5. The method of claim 1, further comprising, in a second mode, maintaining a temperature at a predetermined temperature at a location where the fuel capacitance is obtained, and adjusting the fuel lift pump pressure responsive to an indication of fuel vaporization.

6. The method of claim 1, further comprising, in a third mode, responsive to an indication of fuel vaporization, increasing the fuel lift pump pressure or reducing a fuel temperature.

7. A method for a fuel system including a fuel composition sensor and a fuel lift pump, comprising:

in a first mode, maintaining a fuel lift pump pressure at a selected pressure above a fuel vapor pressure, and adjusting a fuel lift pump voltage responsive to a fuel capacitance;

in a second mode, maintaining a temperature of the sensor at a selected temperature, and adjusting the fuel lift pump pressure responsive to an indication of fuel vaporization, the indication responsive to a fuel vapor pressure which is based on the fuel capacitance; and

in a third mode, increasing the fuel lift pump pressure responsive to the indication of fuel vaporization.

8. The method of claim 7, wherein the fuel composition sensor is disposed in a fuel passage downstream of the fuel lift pump and upstream of a higher pressure pump which operates at a higher pressure than the fuel lift pump.

9. The method of claim 7, wherein the fuel composition sensor is a higher pressure pump which operates at a higher pressure than the fuel lift pump, the higher pressure pump disposed downstream of the fuel lift pump along a fuel passage.

10. The method of claim 7, further comprising, in the third mode, reducing a fuel temperature responsive to the indication of fuel vaporization.

11. The method of claim 7, wherein the fuel lift pump voltage in the first mode is adjusted independent of the fuel lift pump pressure in the second mode.

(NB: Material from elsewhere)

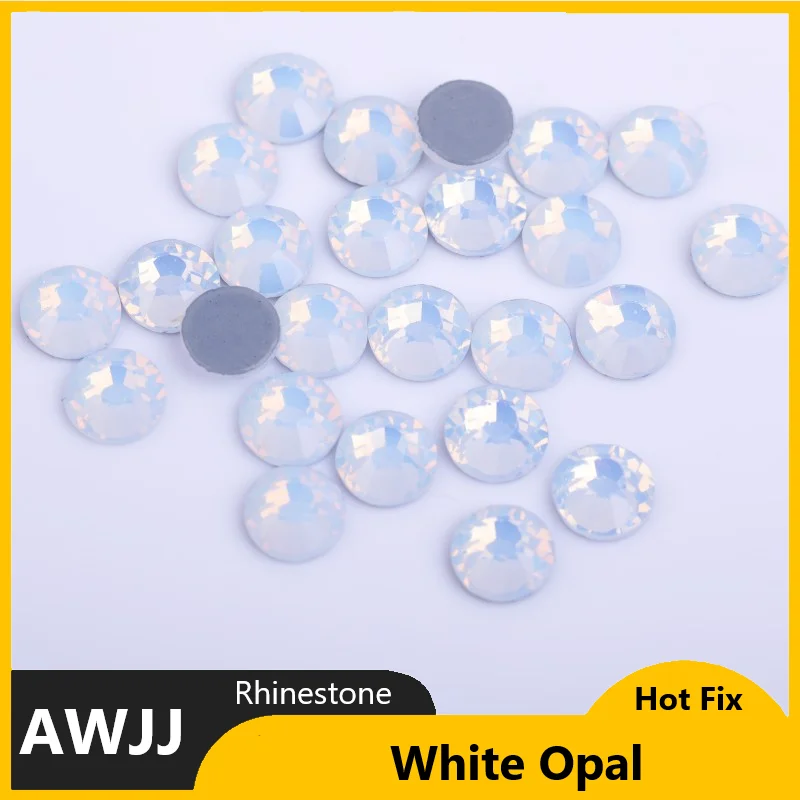 SS6-SS30 42 Farben Kristall ab besser dmc Hot Fix Strass, Glas Strass Hotfix Eisen auf Strass Nähen & Stoff dekorationen – Detail 6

12. The method of claim 7, wherein the fuel lift pump voltage in the first mode is adjusted independent of the fuel lift pump voltage in the third mode.

13. The method of claim 7, further comprising, operating the fuel system in only one of the first, second, or third modes at one time.

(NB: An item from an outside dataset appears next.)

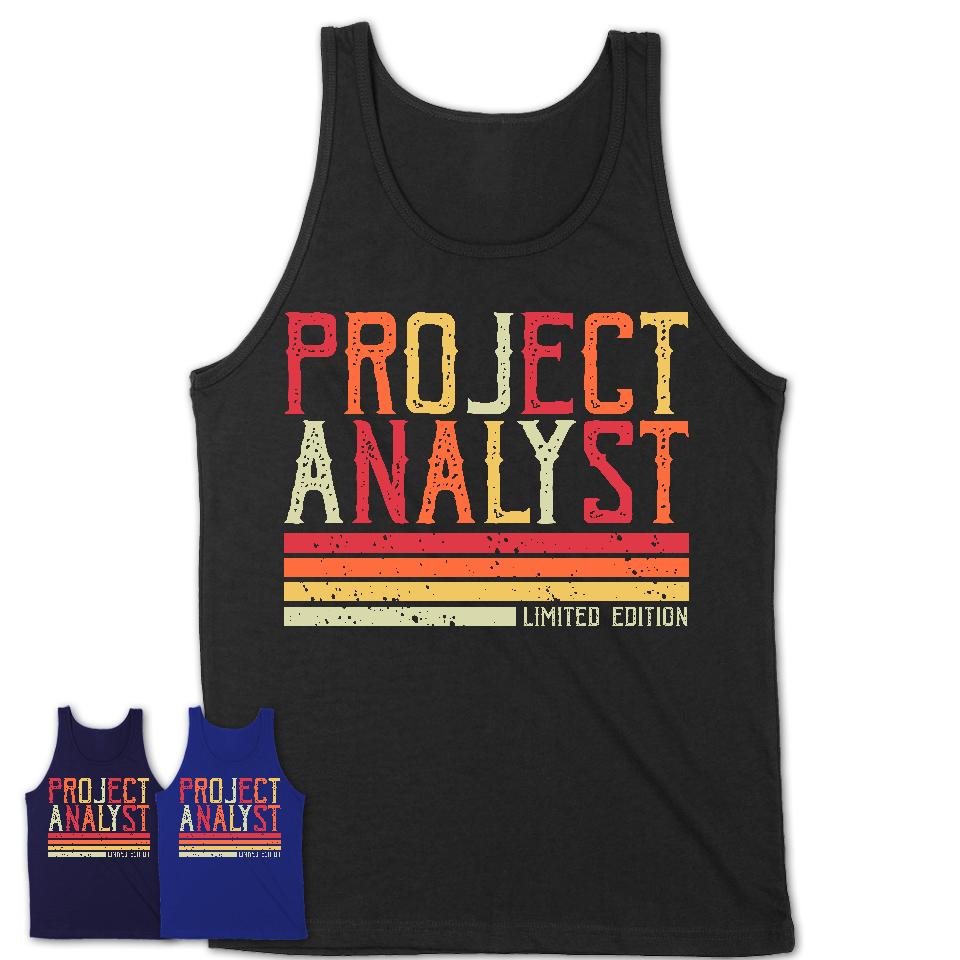 Vintage Project Analyst Limited Edition Job Shirt, Coworker Birthday Gift Idea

14. The method of claim 7, wherein the fuel composition sensor is part of a gasoline direct injection engine system.

15. A fuel system, comprising:

a fuel lift pump;

a fuel composition sensor positioned downstream of the fuel lift pump in a fuel passage, and configured to output a signal indicating fuel capacitance;

a control system in communication with the sensor, the control system including non-transitory instructions to adjust a fuel lift pump voltage responsive to the fuel capacitance in each of three different modes of operation.

16. The fuel system of claim 15, wherein the control system further includes instructions to maintain a fuel lift pump pressure at a selected pressure above a fuel vapor pressure, the fuel vapor pressure based on the fuel capacitance in a first mode of operation.

17. The fuel system of claim 15, wherein the control system further includes instructions to maintain a temperature of the sensor at a selected temperature, and wherein the fuel lift pump voltage is adjusted responsive to an indication of fuel vaporization in a second mode of operation.

18. The fuel system of claim 15, wherein the control system further includes instructions to increase a fuel lift pump pressure responsive to an indication of fuel vaporization in a third mode of sensor operation.

19. The fuel system of claim 15, further comprising a higher pressure pump positioned downstream of the fuel lift pump, the higher pressure pump configured to operate at a higher pressure than the fuel lift pump, and wherein the higher pressure pump is the sensor.

20. The fuel system of claim 15, wherein the fuel system is part of a gasoline direct injection engine system.